On subsequent runs, the saved session is reused and refreshed automatically when within 60 seconds of token expiry.

NOTE: The transition:generic scope provides read access and like-deletion. When AT Protocol proposal 0011 (granular scopes) stabilises, this should be narrowed to only app.bsky.feed.* reads and app.bsky.feed.like delete.

Commands

resolve

Resolve a handle to a DID (or a DID to a handle + PDS endpoint).

skycoll resolve j4ck.xyz
skycoll resolve did:plc:z72i7hdynmk6r22z27h6tvae

init

Fetch your profile, follows, and followers. Writes <handle>.dat and downloads avatars to img/.

skycoll init j4ck.xyz

# Also fetch lists you've created
skycoll init j4ck.xyz --lists

# Include self-labels and server-assigned labels
skycoll init j4ck.xyz --labels

# Route through the Blacksky AppView
skycoll init j4ck.xyz --appview blacksky

# Query a Constellation backlinks index
skycoll init j4ck.xyz --constellation https://constellation.example.com

# All flags combined
skycoll init j4ck.xyz --lists --labels --appview blacksky --constellation https://constellation.example.com

The .dat file includes:

  • Profile header row with labels column
  • F rows for follows
  • B rows for followers
  • L rows for lists (with --lists)
  • S rows for starter packs
  • K rows for Constellation backlink counts (with --constellation)

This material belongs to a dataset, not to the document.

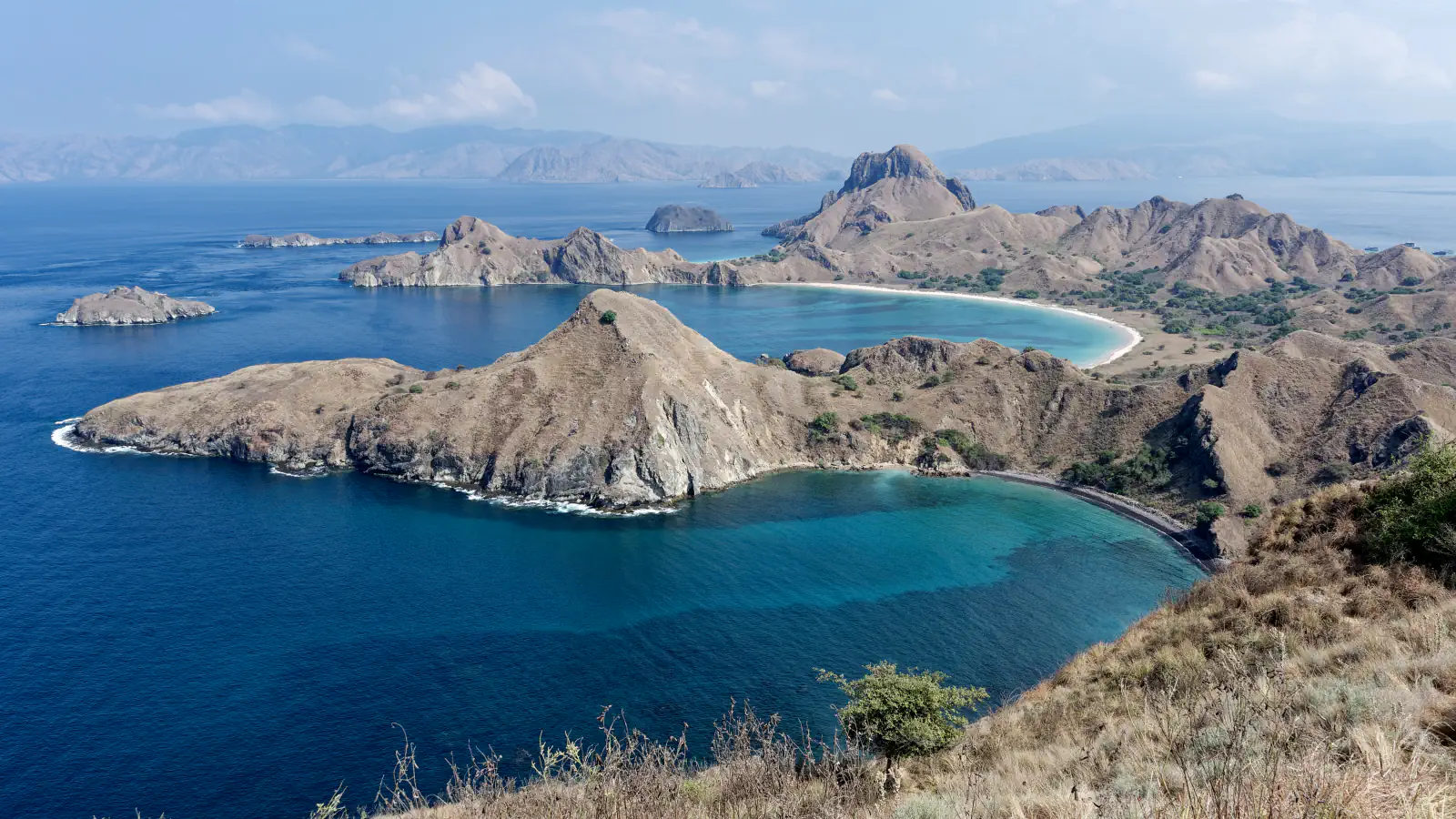 Zavit zaliv turkizne vode pod suhimi rjavimi griči na otoku Padar; v ozadju so manjši skalnati otočki in svetla plaža.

By default, labels are omitted from the profile row. Use --labels to include server/self labels in the .dat profile header.

appview flag

Several commands accept --appview to route API requests through a specific Bluesky-compatible AppView. This sets the atproto-proxy HTTP header to a service DID, rather than hardcoding a base URL.

Built-in names:

Name Service DID Description
bluesky did:web:api.bsky.app#bsky_appview Bluesky official AppView (default)
blacksky did:web:api.blacksky.community#bsky_appview Blacksky community AppView

You can also pass a raw DID+fragment string for custom AppViews:

skycoll init j4ck.xyz --appview did:web:custom.example#bsky_appview

appviews

List the built-in AppView names and their service DIDs:

skycoll appviews

fetch

Fetch the follows of every person listed in <handle>.dat. Writes one fdat/<friend>.dat per followed user.

skycoll fetch j4ck.xyz

posts

Download posts using paginated getAuthorFeed (default, no cap — pages until cursor is exhausted):

skycoll posts j4ck.xyz

Use --car for full CAR repo sync (slower but gives a complete archive including all record types):

skycoll posts j4ck.xyz --car

Rich .twt format columns: type uri timestamp reply_to_uri root_uri text

Where type is post, repost, or quote.

Route through an alternative AppView:

skycoll posts j4ck.xyz --appview blacksky

likes

Download all likes. Writes <handle>.fav (tab-separated: uri timestamp author_did author_handle text).

skycoll likes j4ck.xyz

Purge (delete all likes — the only write operation):

skycoll likes j4ck.xyz --purge

Route likes reads through an alternative AppView:

skycoll likes j4ck.xyz --appview blacksky

Verbose logging

Use global verbose mode to print low-level network/auth debug logs:

skycoll --verbose init j4ck.xyz
skycoll -v posts j4ck.xyz --car

You can also enable it via environment variable:

SKYCOLL_VERBOSE=1 skycoll init j4ck.xyz

threads

Reconstruct reply threads from an existing <handle>.twt file. Uses the reply_to_uri and root_uri fields to build thread trees. Outputs <handle>.threads as JSON.

skycoll threads j4ck.xyz

edgelist

Generate graph files from .dat and fdat/ data.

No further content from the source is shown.